Lower down are entries containing pictures. Copy exactly, without those pictures, the lines from the line with "Once I have" through the line with "Here, I didn't".

START Data for the task

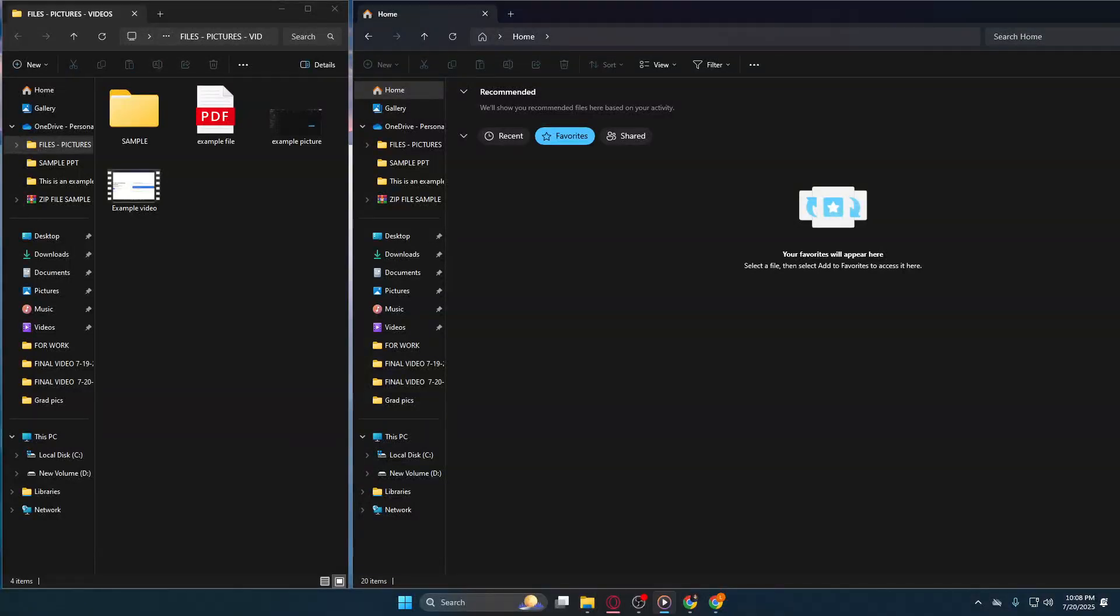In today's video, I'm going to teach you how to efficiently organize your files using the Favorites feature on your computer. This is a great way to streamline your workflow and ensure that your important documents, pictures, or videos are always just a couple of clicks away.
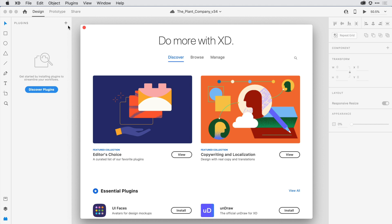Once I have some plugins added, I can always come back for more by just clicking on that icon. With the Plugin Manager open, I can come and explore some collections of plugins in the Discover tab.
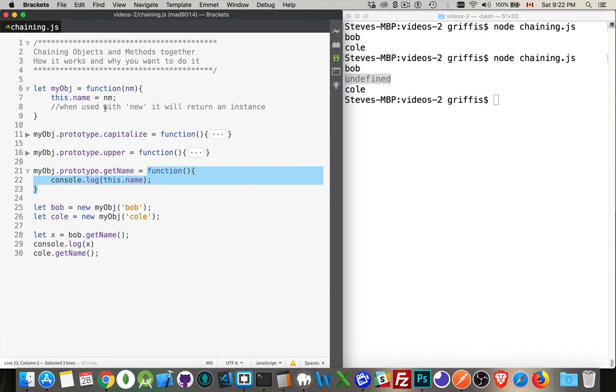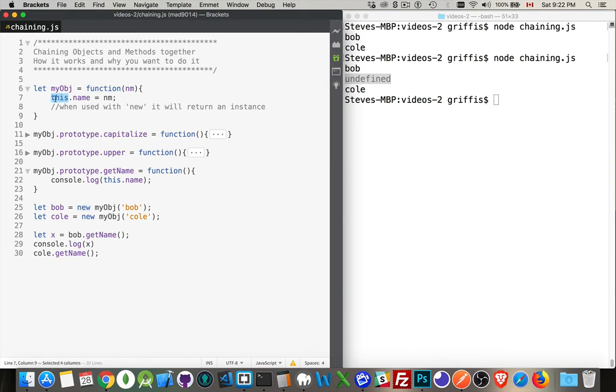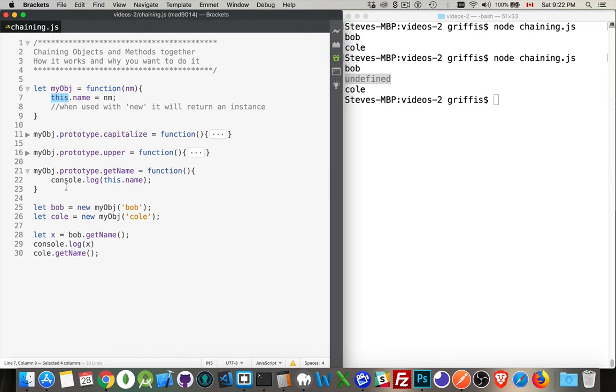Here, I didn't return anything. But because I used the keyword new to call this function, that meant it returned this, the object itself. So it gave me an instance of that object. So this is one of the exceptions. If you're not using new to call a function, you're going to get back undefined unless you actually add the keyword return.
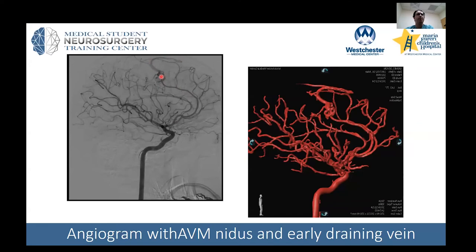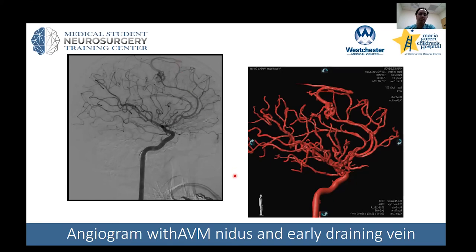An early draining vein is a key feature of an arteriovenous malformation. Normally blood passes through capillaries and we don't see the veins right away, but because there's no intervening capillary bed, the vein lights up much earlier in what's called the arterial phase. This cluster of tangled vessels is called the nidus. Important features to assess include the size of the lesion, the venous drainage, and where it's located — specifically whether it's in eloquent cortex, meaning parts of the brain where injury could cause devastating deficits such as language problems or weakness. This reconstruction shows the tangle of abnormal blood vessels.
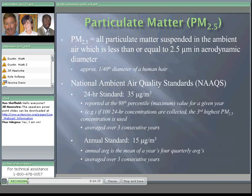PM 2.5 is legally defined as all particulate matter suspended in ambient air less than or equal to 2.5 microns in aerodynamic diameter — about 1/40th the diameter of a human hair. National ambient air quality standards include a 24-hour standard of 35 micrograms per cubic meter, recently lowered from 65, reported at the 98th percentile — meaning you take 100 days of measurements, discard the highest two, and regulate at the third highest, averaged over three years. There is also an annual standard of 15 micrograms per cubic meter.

END Data for the task

■ **Answer to this problem**:
Once I have some plugins added, I can always come back for more by just clicking on that icon. With the Plugin Manager open, I can come and explore some collections of plugins in the Discover tab.
Here, I didn't return anything. But because I used the keyword new to call this function, that meant it returned this, the object itself. So it gave me an instance of that object. So this is one of the exceptions. If you're not using new to call a function, you're going to get back undefined unless you actually add the keyword return.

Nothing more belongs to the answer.